Zygote gradient error - Githubissues

ghost commented 2 years ago

I am trying to maximise the fidelity of two states, and when I try to use the optimiser as used in your VQE example, I get an error seemingly originating from Zygote via the loss' call. Any suggestions for why this is happening?

Code:

using ITensors
using PastaQ
using Printf
using OptimKit
using Zygote

import PastaQ: gate

N = 2 
hilbert = qubits(N)

gate(::GateName"G"; θ::Number) = [
  1 0 0 0
  0 cos(θ / 2) -sin(θ / 2) 0
  0 sin(θ / 2) cos(θ / 2) 0
  0 0 0 1
]

gate(::GateName"Ryy"; ϕ::Number) = [
  cos(ϕ / 2) 0 0 im*sin(ϕ / 2)
  0 cos(ϕ / 2) -im*sin(ϕ / 2) 0
  0 -im*sin(ϕ / 2) cos(ϕ / 2) 0
  im*sin(ϕ / 2) 0 0 cos(ϕ / 2)
]

Trot_gates = Tuple[("Rxx", (1, 2), (ϕ = 0.1,)),
                   ("Ryy", (1, 2), (ϕ = 0.1,))]

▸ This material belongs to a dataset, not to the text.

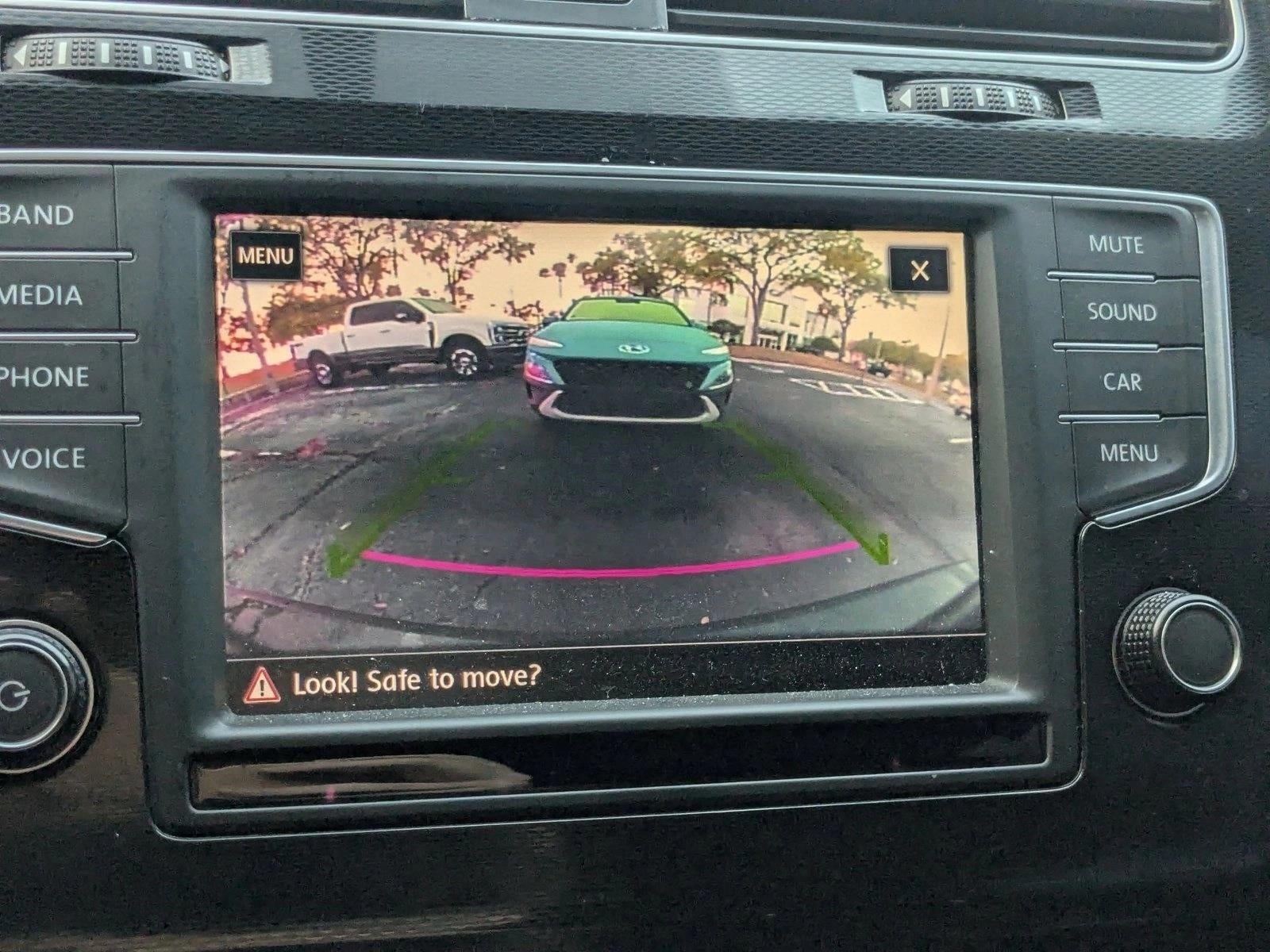 2017 Volkswagen Golf GTI 2.0T 4-Door Sport DSG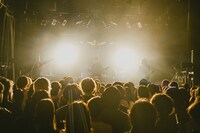 The Novembersのライブの様子。（Photo by AZUSA TAKADA）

target = runcircuit(hilbert, vcat(Tuple[("X", 1)], Trot_gates))

function variationalcircuit(params)

  circuit = Tuple[]
  circuit = vcat(circuit, ("X", 1))
  circuit = vcat(circuit, ("G", (1, 2), (θ = params[1],)))
  circuit = vcat(circuit, ("Phase", 1, (ϕ = params[2],)))
  circuit = vcat(circuit, ("Phase", 2, (ϕ = params[3],)))
  circuit = vcat(circuit, ("G", (1, 2), (θ = -params[1],)))

  return circuit
end

function loss(params)
  circuit = variationalcircuit(params)
  psi = runcircuit(hilbert, circuit)
  return 1 - fidelity(psi, target)
end

params_0 = 2π .* rand(3)

println(loss(params_0))

optimizer = LBFGS(maxiter = 500, verbosity=2)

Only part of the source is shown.